Entscheidet Krieg über Recht?

Beim Anfange des verflossenen Jahrhunderts verwickelte sich der größte Theil von Europa in den langen und widrigen Krieg, den man unter dem Namen des spanischen Successionskrieges kennt. Er endigte damit, daß man im Frieden gab, was man durch ihn hatte verhindern wollen: Philipp bekam die spanische Krone.

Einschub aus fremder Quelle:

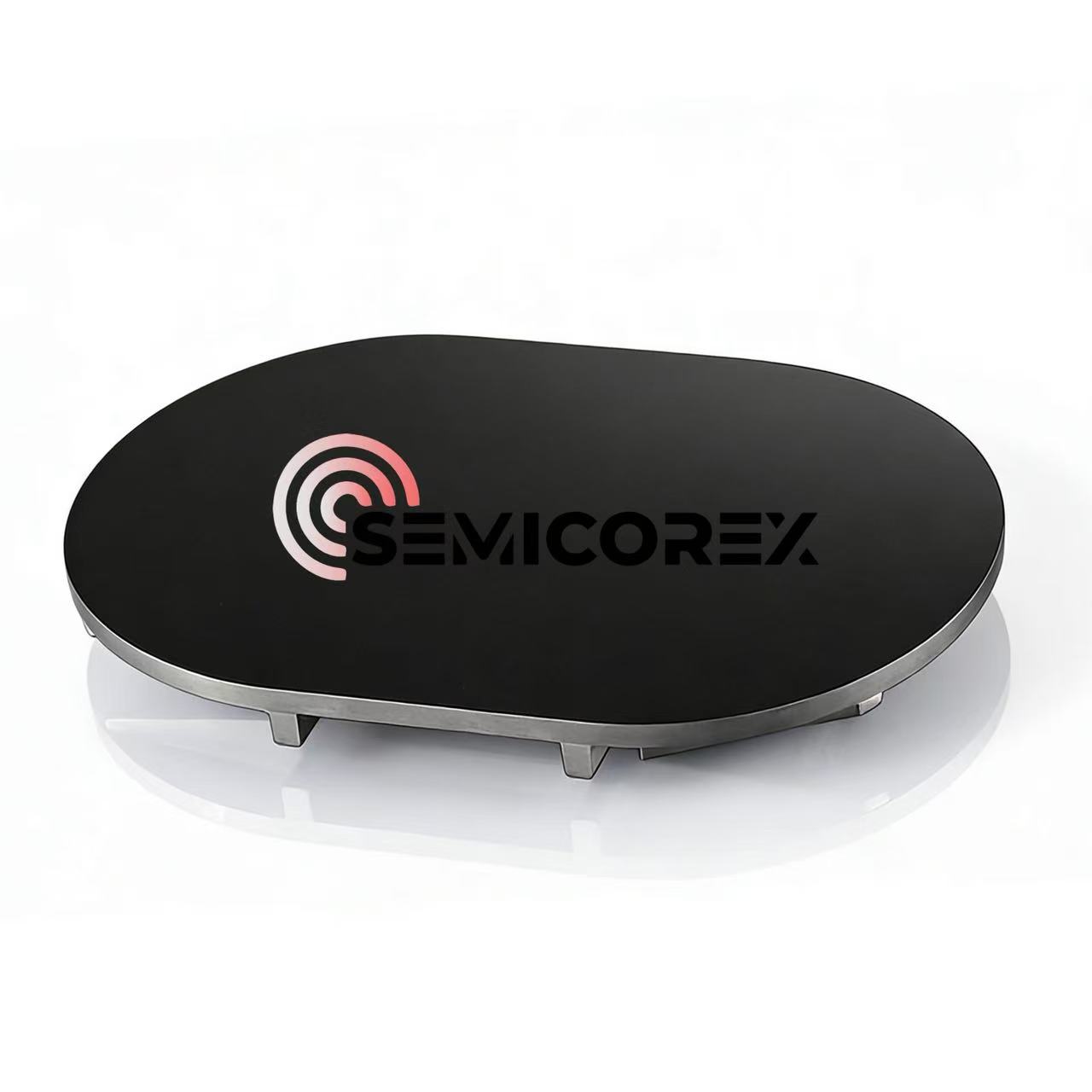 Silisiumkarbid reflekterende speil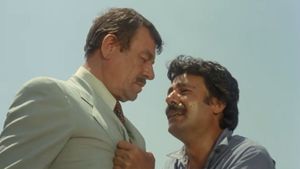 Günaha Girme's poster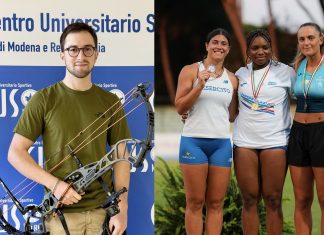 Due studenti Unimore convocati per prestigiose competizioni internazionali in Germania e Norvegia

Wie? müssen einer Erbfolge wegen blutige Kriege geführt werden? Wird durch den Krieg ein Recht gegründet, das man nicht hatte? oder in ihm ein dunkles Recht klarer? Umgekehrt; die Parteien erhitzen sich; der Sieger ist verblendet. Beim Glück der Waffen ward auf Ludwig's XIV. Anträge, der mit Theilen seines eignen Reichs den Frieden erkaufen wollte, nicht geachtet; seine Gesandten und er wurden, damit der Krieg fortgesetzt würde, mit Forderungen, die er mit Ehren nicht annehmen konnte, beschimpft. Und da sich durch Veranlassungen, die beinahe ein Nichts scheinen, das Blatt wandte, behielt er nicht nur, was er in der größten Enge dargeboten hatte, sondern erhielt auch seine Wünsche. Philipp blieb auf dem ungetheilten spanischen Throne. Was hatte der Krieg also entschieden? Verwirrt hatte er; Meinungen getheilt, Parteien gemacht, Länder gedrückt, geplagt, geängstet, entvölkert, ungeheure Summen gekostet, vielen Tausenden Gesundheit, Ruhe, Lebenszweck und Leben geraubt, unendliche Mühe nutzlos veranlaßt, Haß und Erbitterung der Nationen gegen einander gestärkt. Er endigte mit dem Mißvergnügen fast Aller, die ihn geführt hatten, zur Ehre Deß, der diesmal ungern an ihn ging, der ihn vermeiden wollte, Ludwig's.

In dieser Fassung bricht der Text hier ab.